■ ABOUT THIS TASK ■
The part below that opens with the line containing "Kelligo Side Table" and closes with the line containing "Corduroy Upholstered Chaise" should be copied exactly, minus any pictures.

+++++

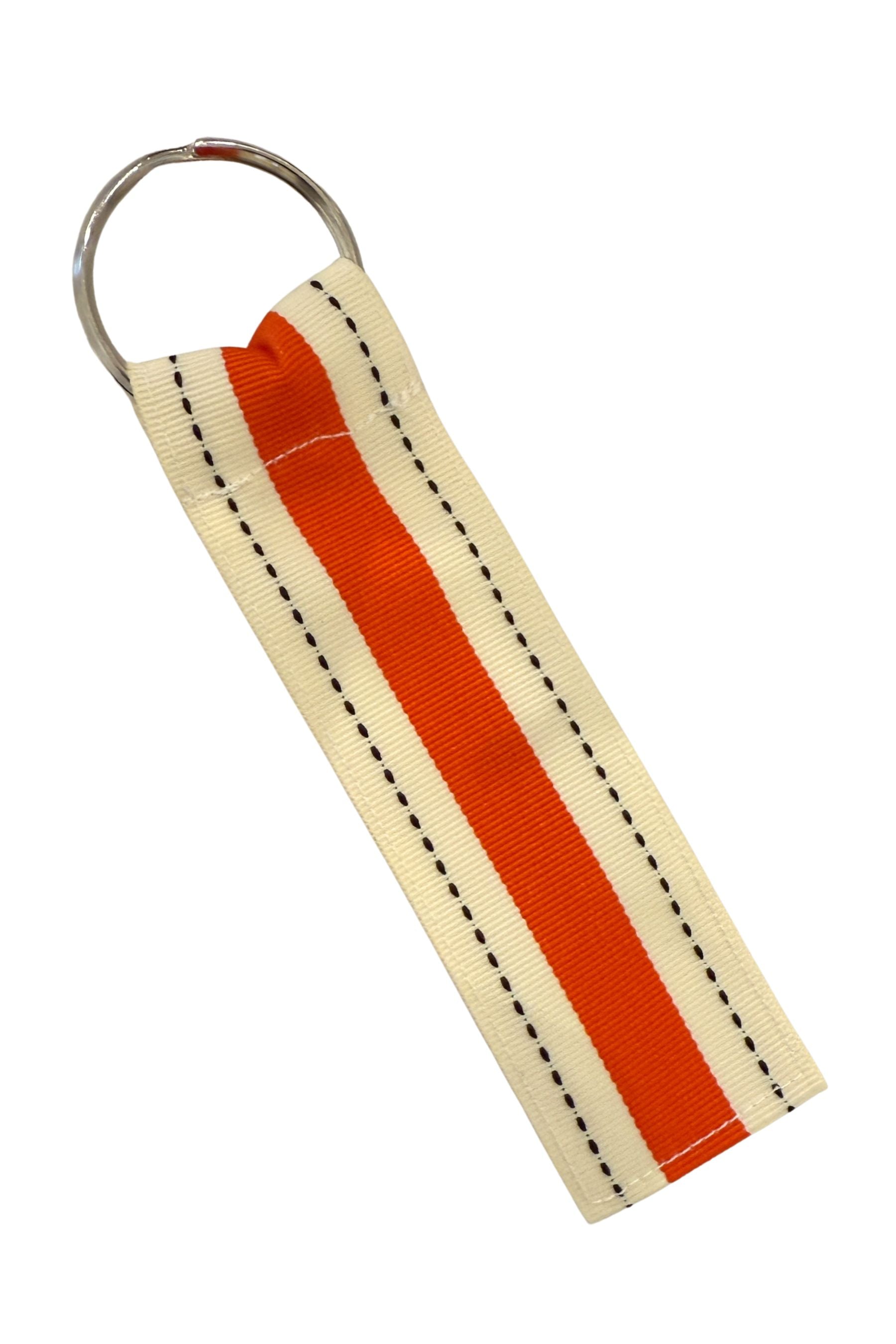Grosgrain Key Rings | Cream, Orange &amp; Black Stitching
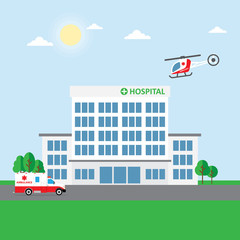 Wall Mural - City hospital building or clinic
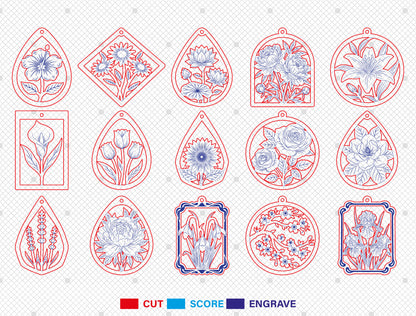 Floral Earring SVG Bundle Laser Cut File for xTool and Glowforge
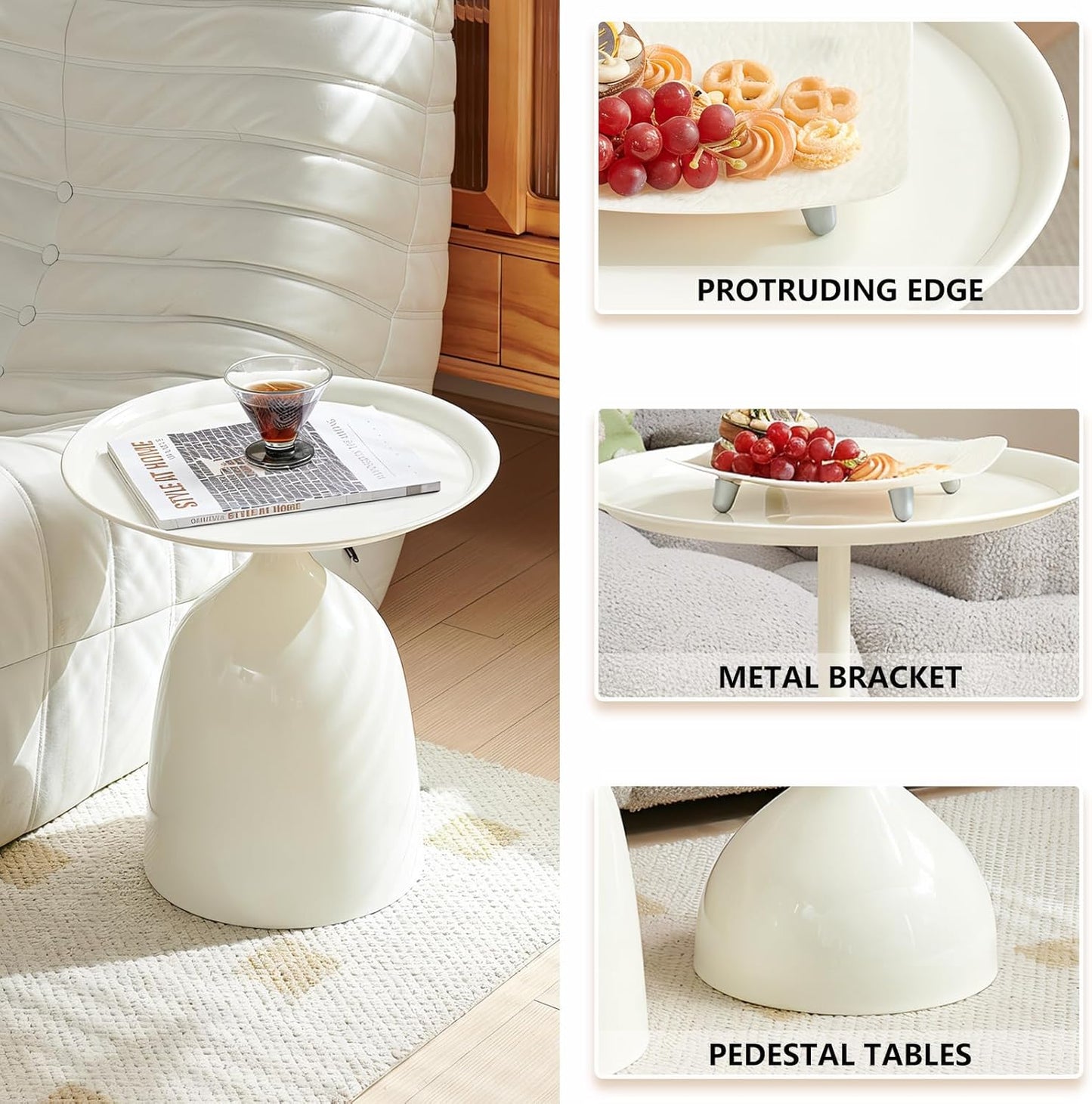 Kelligo Side Table Set of 2, Round Side Table with Screw Connections, Small End Tables for Narrow Areas, Small Tables for Living Rooms, Bedrooms, Cafeterias and Outdoors, White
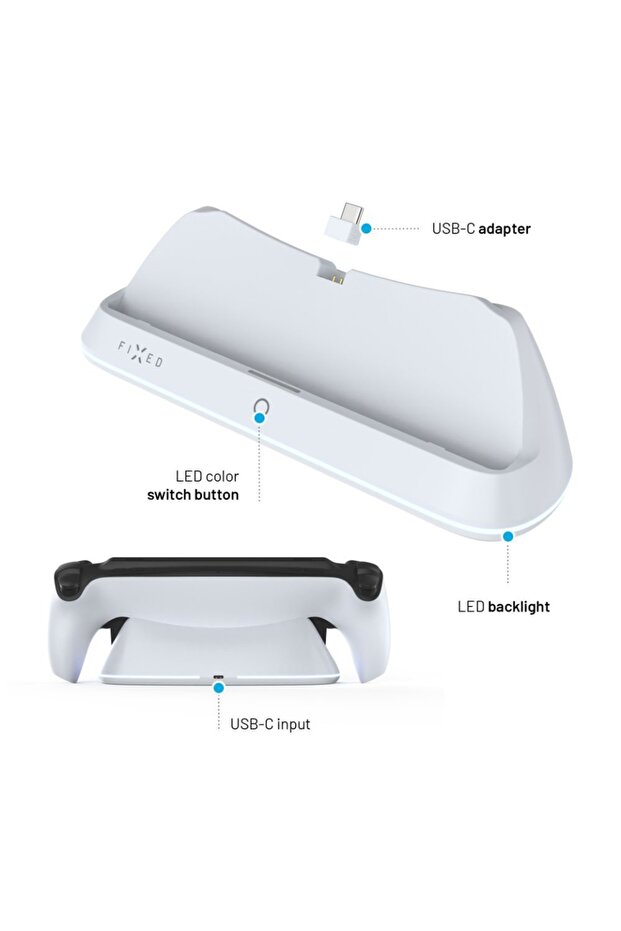 Charging Dock, PlayStation Portal Compatible, USB-C Magnetic Adapter, LED Indicator, White - 4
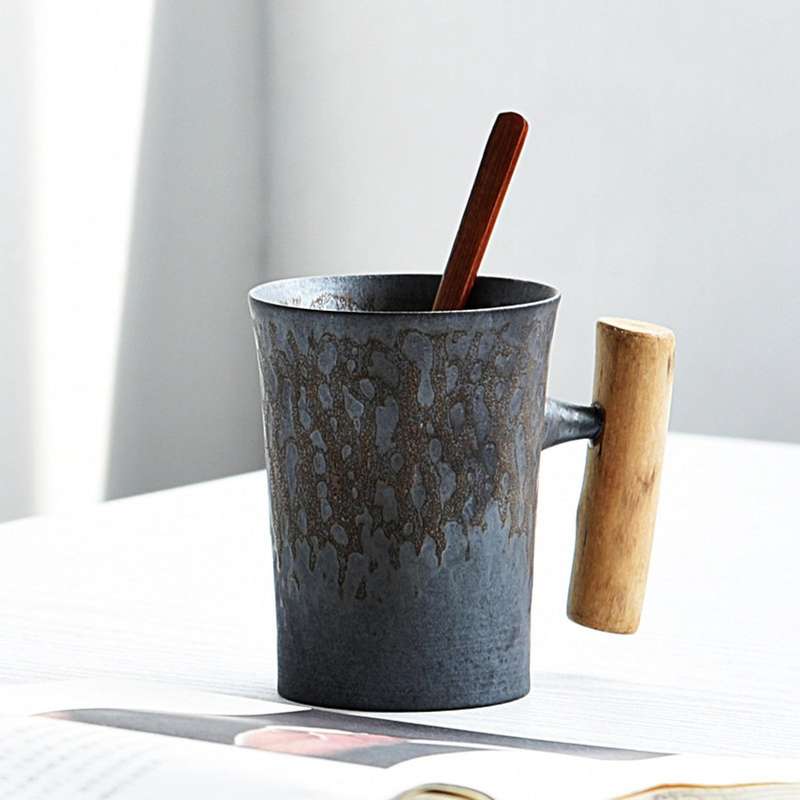 2x 300ml Ceramic Coffee Mug with Spoon Wooden Handle for Home/office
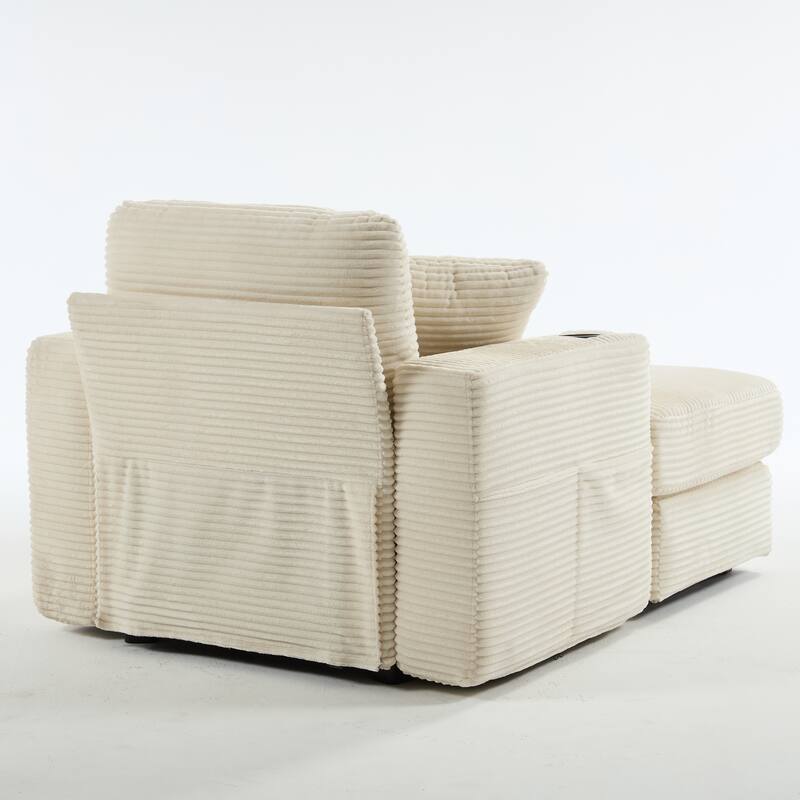 Corduroy Upholstered Chaise Lounge Sofa,Magazine bag,Detachable Cushions Deep Seat,3 colour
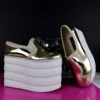 Gold Mirror Flat-form Wedge Sneakers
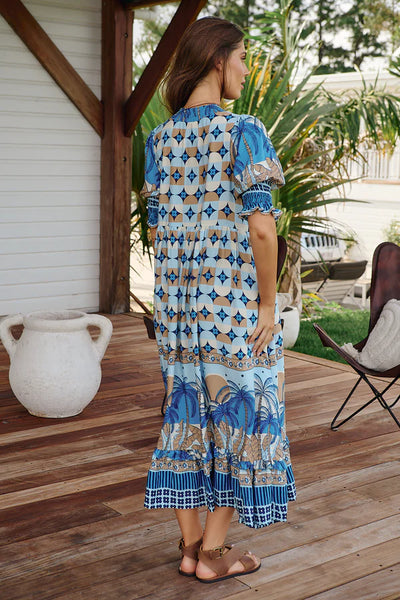 Jaase - Sapphire Sands Print Kora Midi Dress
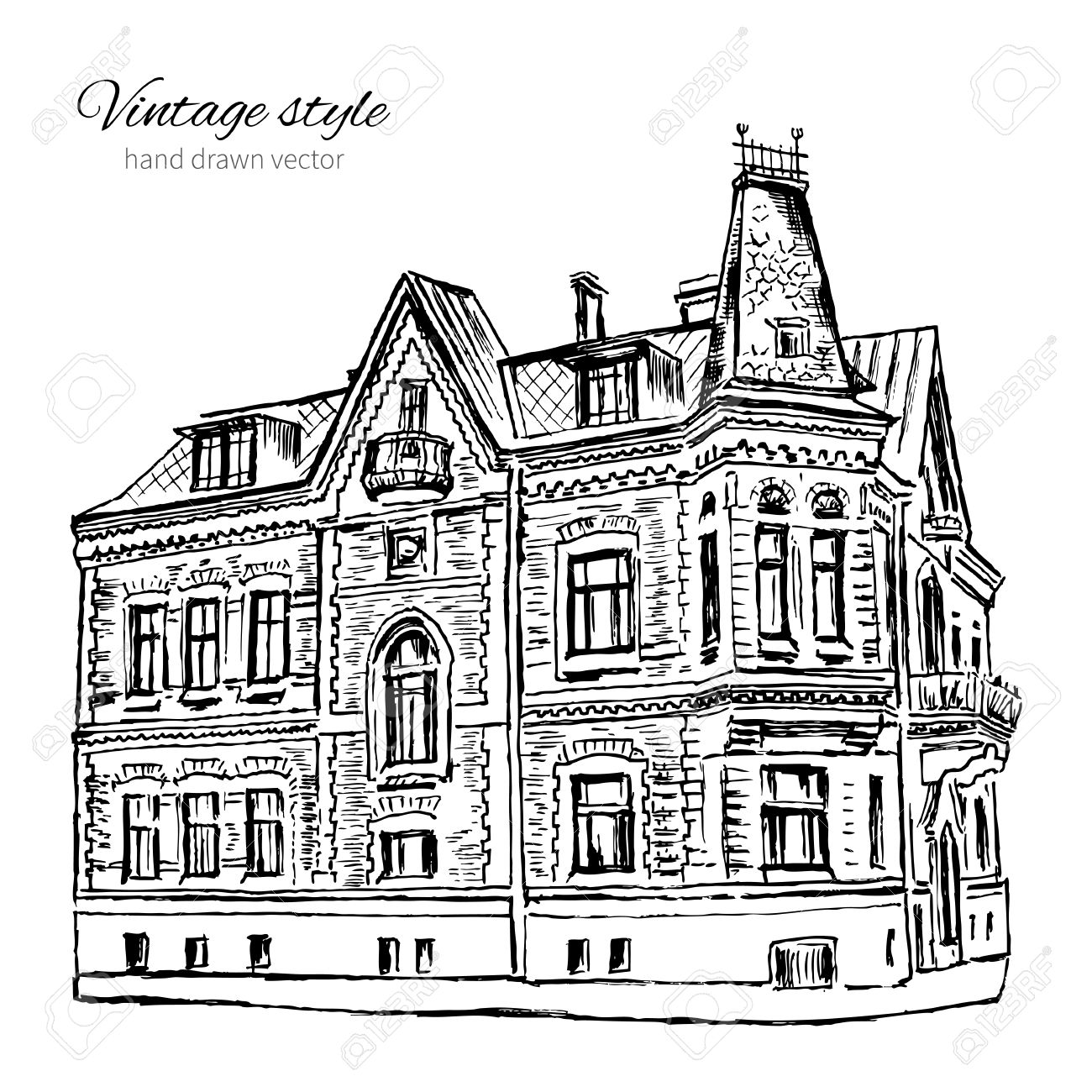 1300x1300 Vintage Vector Tile Old European House, Hand Drawn Mansion
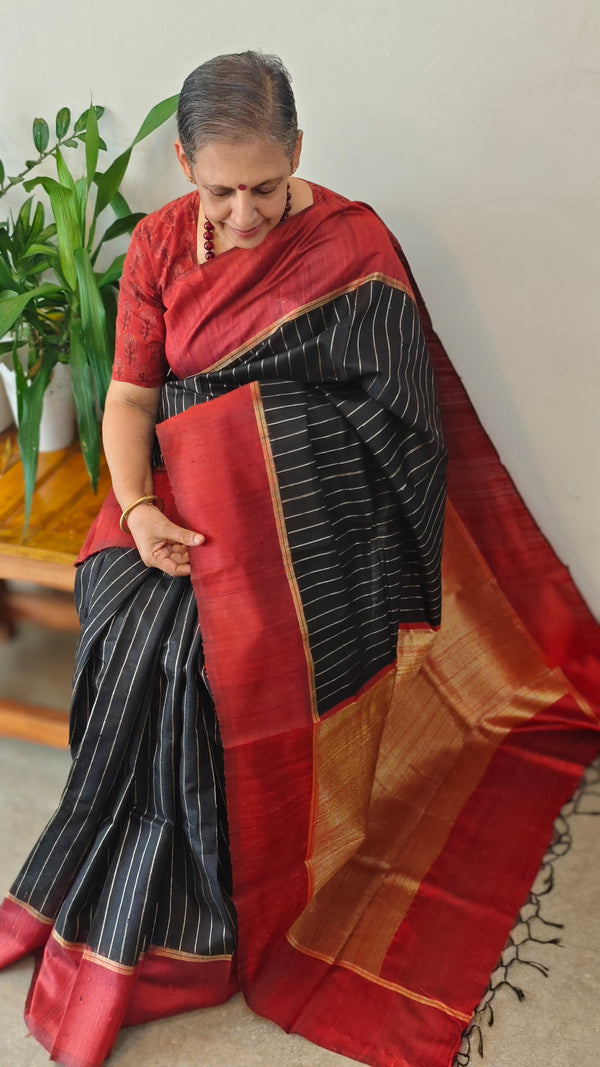 Black and maroon zari woven raw silk saree - SRW6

+++++

■ FINISHED EXERCISE ■
 Kelligo Side Table Set of 2, Round Side Table with Screw Connections, Small End Tables for Narrow Areas, Small Tables for Living Rooms, Bedrooms, Cafeterias and Outdoors, White
 Charging Dock, PlayStation Portal Compatible, USB-C Magnetic Adapter, LED Indicator, White - 4
 2x 300ml Ceramic Coffee Mug with Spoon Wooden Handle for Home/office
 Corduroy Upholstered Chaise Lounge Sofa,Magazine bag,Detachable Cushions Deep Seat,3 colour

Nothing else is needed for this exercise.